World’s Biggest Food Fight
August 27, 2015
On Wednesday, August 26, revelers crowded the streets of the Spanish town of Buñol, near Valencia, for the annual Tomatina Festival, commonly known as the “World’s Biggest Food Fight.” For an hour or two on one spectacularly messy day, 20,000 people gather in little Buñol (population 9,000) to sacrifice more than 110 tons (100 metric tons) of tomatoes. But this festival honors no saints; it recalls no somber anniversary of an entire town killed by tomatoes. No, la Tomatina—where throwing food is required—is purely for the fun of it.
La Tomatina dates back to the mid-1940’s—Spanish food fighters argue over which year exactly. They do agree, however, that it began during the gigantes y cabezudos (giants and big-heads) parade characterized by outsized papier-mâché versions of Spanish heroes and saints. How the first Tomatina began is unclear, but a common story is that an argument near a produce stall led to the furious throwing of tomatoes between the offending parties. Anger was soon replaced by laughter and a lot of smashed tomatoes. The same people returned the next year and repeated the food fight on purpose, and a tradition was born. That year and in the following years, police and others (namely, dictator Francisco Franco) intervened. There was general outcry in favor of the food fight, however, as well as fantastical tomato funeral protests, and it continued in a somewhat hard-to-imagine underground fashion until Franco died in 1975. After that, la Fiesta de Tomatina exploded.

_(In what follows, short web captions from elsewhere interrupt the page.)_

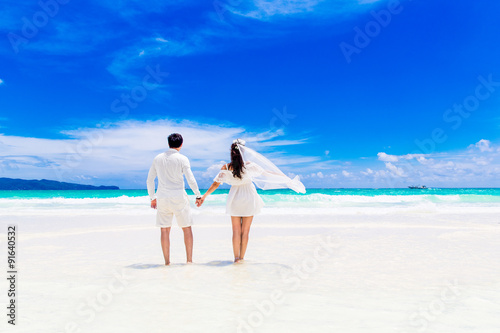 Happy groom and bride on the sandy tropical beach. Wedding and h © frolova_elena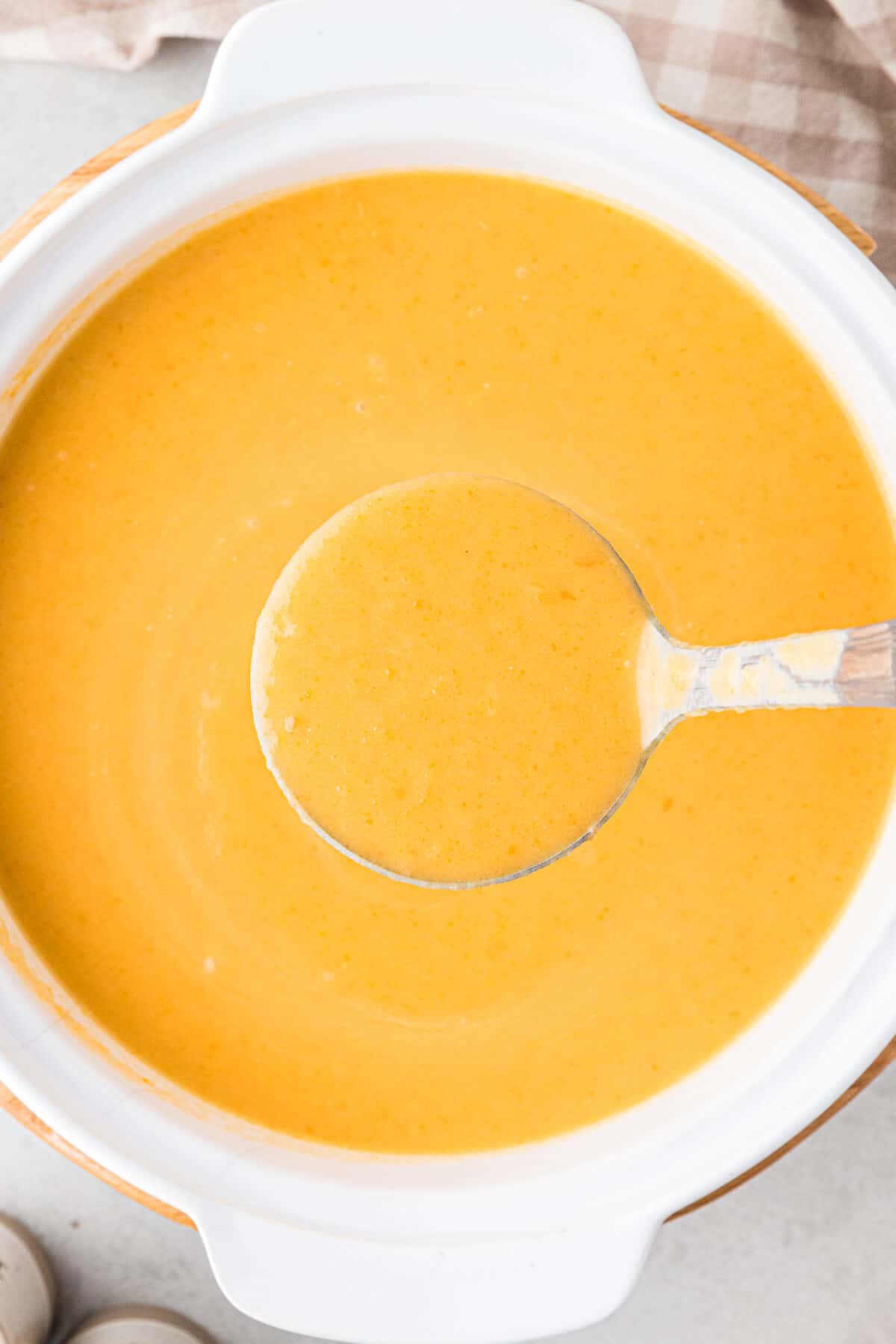 A pot of cream of carrot soup with a ladle.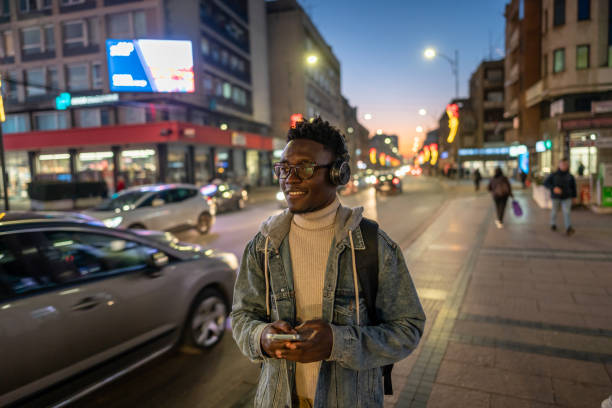 istock Handsome black man using phone in the city 1898948863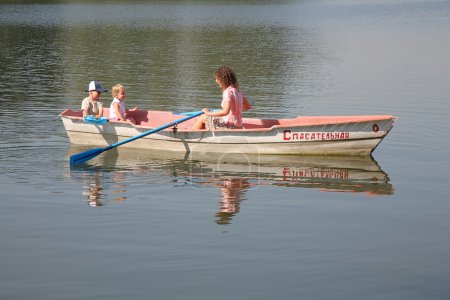 Mother with the children in the boat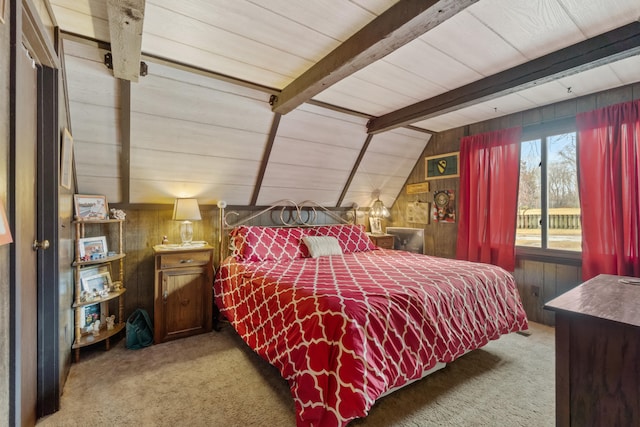 bedroom featuring lofted ceiling with beams, carpet floors, and wooden walls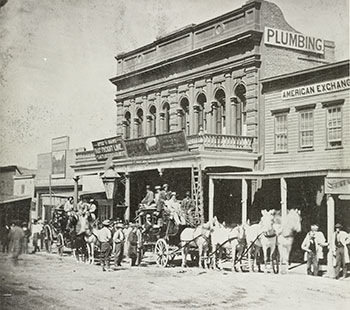 Nineteenth-century street scene in Virginia City, Nevada, with a horse-drawn stagecoach and false-front business buildings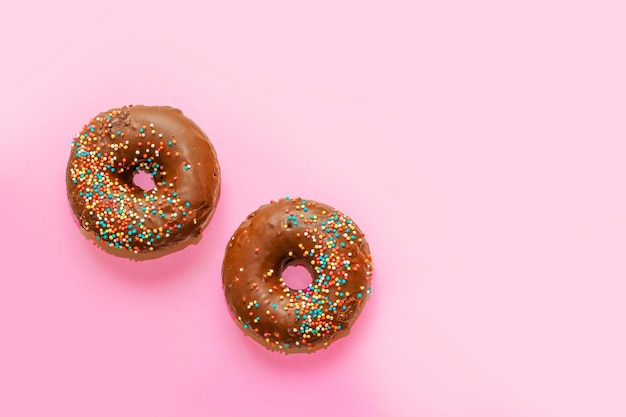 Donuts met chocoladeglazuur en gekleurde hagelslag van ronde vorm op een gekleurde achtergrond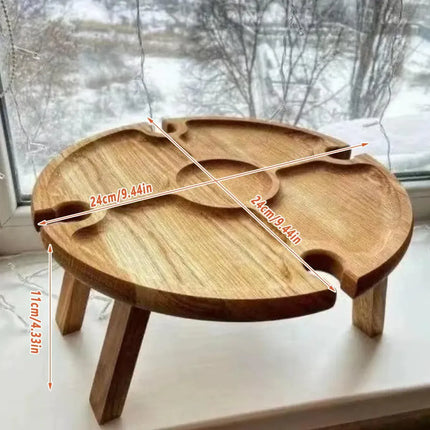 Wooden round folding picnic table with carved tray design and three legs, measured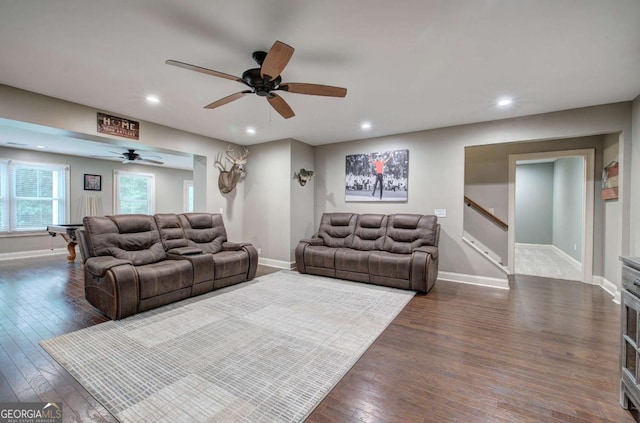 6095 Fords Rd NW, Acworth, GA 30101 - living area featuring dark wood finished floors, recessed lighting, ceiling fan, baseboards, and stairway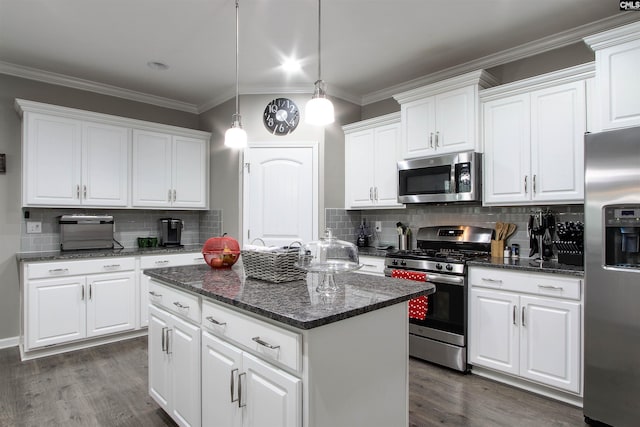 kitchen featuring pendant lighting, dark wood-style flooring, appliances with stainless steel finishes, white cabinetry, and a kitchen island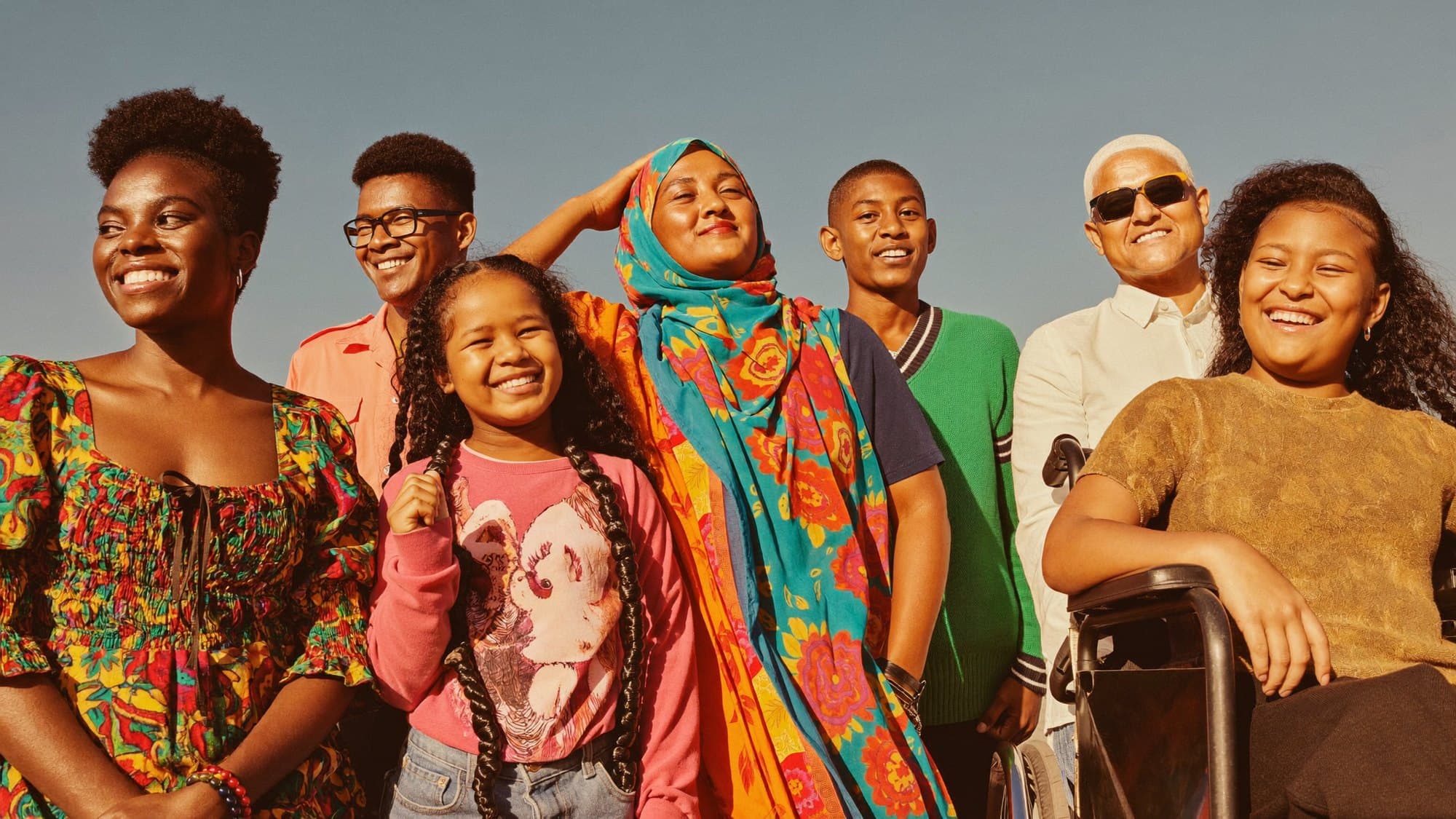 A joyful, diverse global community standing together in bright daylight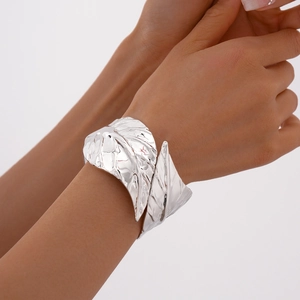 Detailed view of silver wide leaf cuff bracelet with textured metallic finish on wrist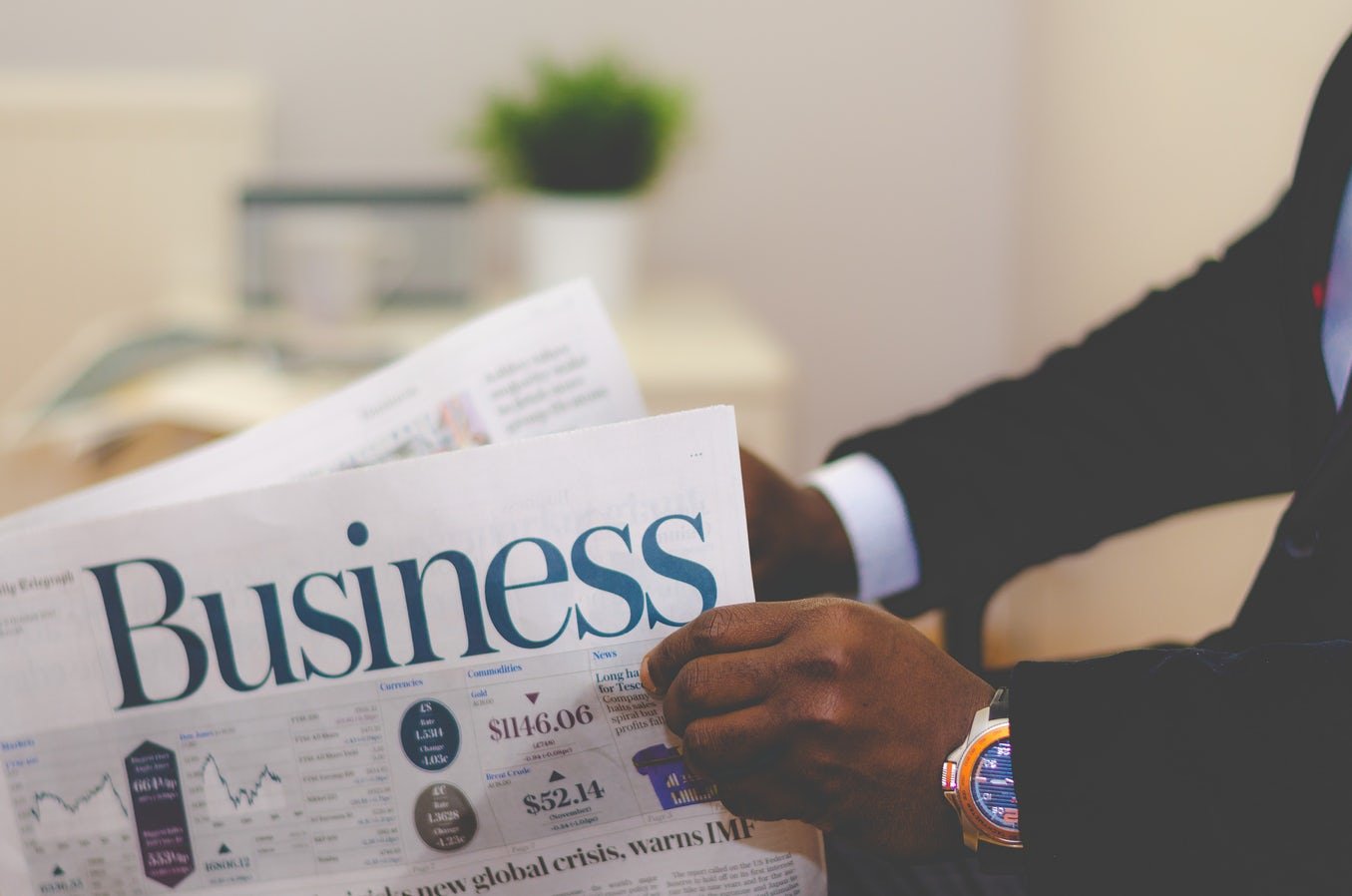 Black business man reading the business section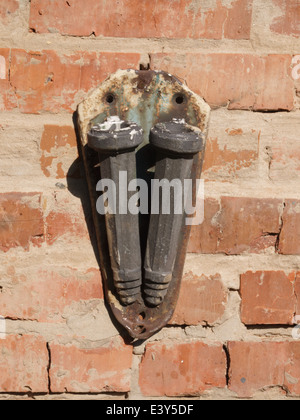 Flagstaff for two flags, very old, rusty and smeared paint on a brick wall. Stock Photo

The festival begins at 11 a.m. sharp (you gotta have rules) with the spiking of a ham atop a greased pole in the town square. Tomatoes are clenched as people try—and fail—to climb the greased pole and free the ham. At last, when someone agile enough reaches the ham (or when the grease has worn away), it is knocked from its perch and scrambled over like a loose football. A cannon booms and trucks bearing tomatoes free their tailgates: the great tomato food fight begins! The air is filled with red ripe projectiles, and there is nowhere to hide in the narrow streets of Buñol. The trucks run the gauntlet, squeezing through the crowd and spilling tomatoes. When the tomatoes and tomato-throwers are exhausted, the cannon sounds again, ending la Tomatina. Covered from head to foot in tomato pulp, people then brave fire hoses or head to the river to rinse off—and then on to the nearest tavern.
Until 2013, some 40,000 to 50,000 people crammed Buñol for the tomato fight. The ungainly masses (and hard-to-explain tomato injuries) forced some order on the festival, and la Tomatina is now strictly ticketed and limited to “only” 20,000 people.